Reproduce from the records below, with no pictures, exactly the lines between the one containing "体幹筋シェイプスリムサンダル LLサイズ ブラックｘピンク" and the one containing "Veste de maille", inclusive.

» DATA:
⟨
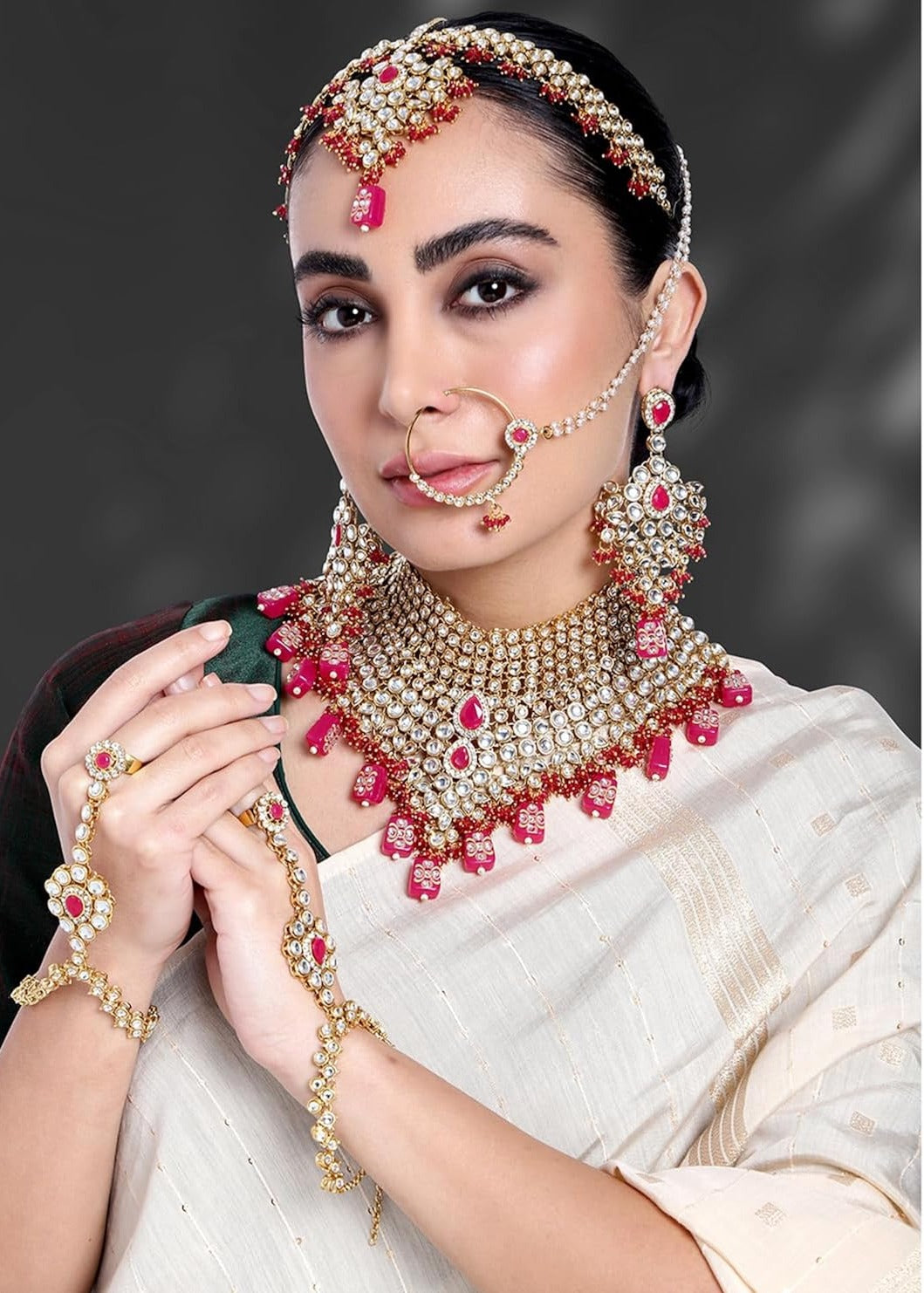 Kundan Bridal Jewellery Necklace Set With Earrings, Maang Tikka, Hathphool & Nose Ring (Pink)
⟩
⟨
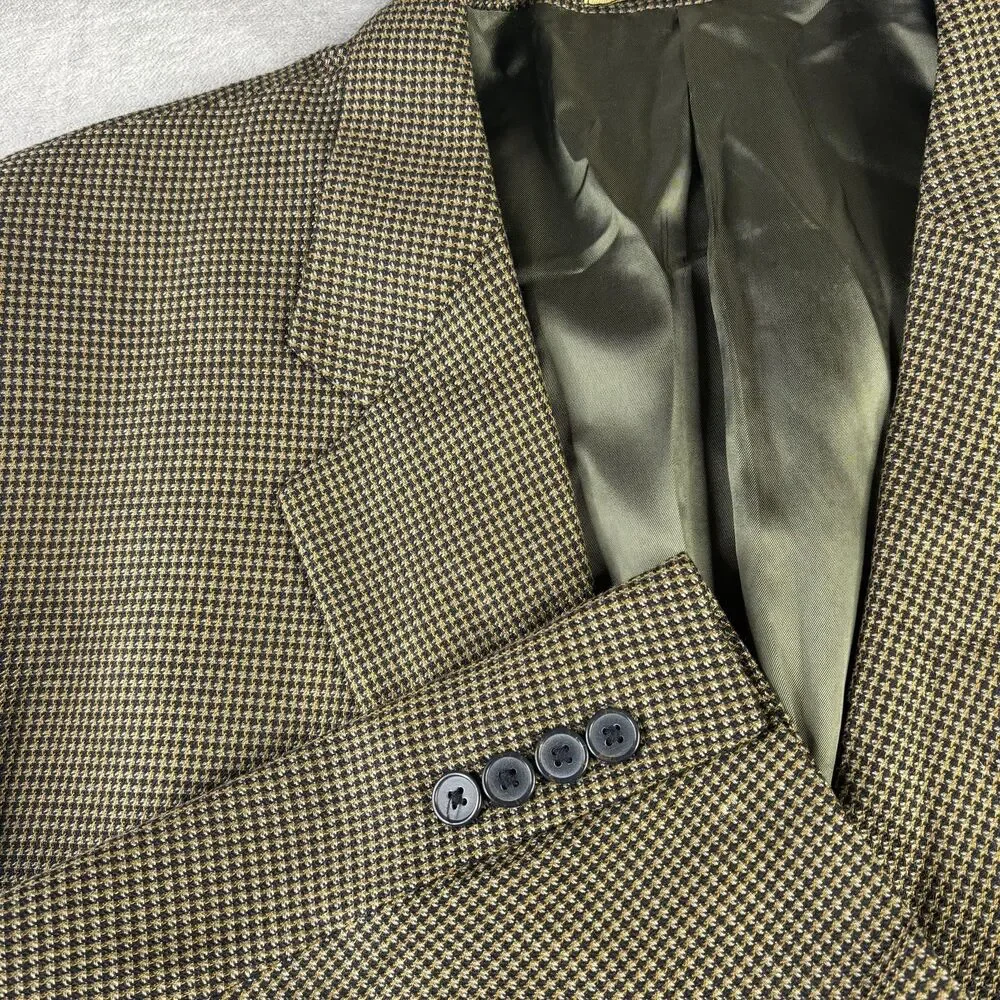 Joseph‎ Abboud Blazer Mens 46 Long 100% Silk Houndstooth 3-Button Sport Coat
⟩
⟨
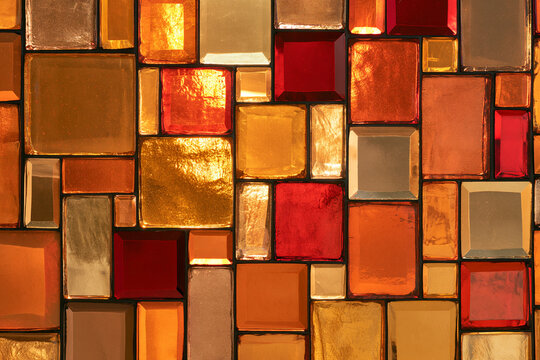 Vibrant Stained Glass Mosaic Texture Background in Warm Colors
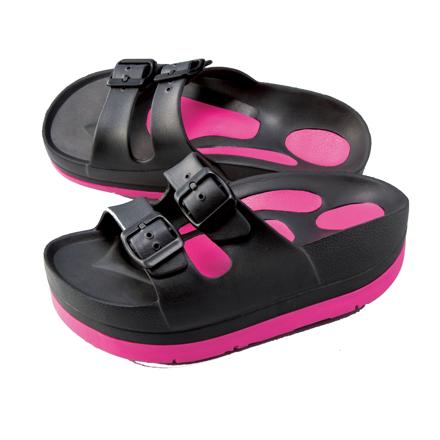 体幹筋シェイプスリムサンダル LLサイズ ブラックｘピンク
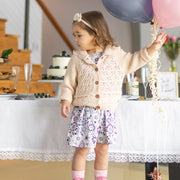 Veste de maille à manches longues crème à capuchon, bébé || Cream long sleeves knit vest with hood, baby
⟩
» TASK ANSWER:
 体幹筋シェイプスリムサンダル LLサイズ ブラックｘピンク
 Veste de maille à manches longues crème à capuchon, bébé || Cream long sleeves knit vest with hood, baby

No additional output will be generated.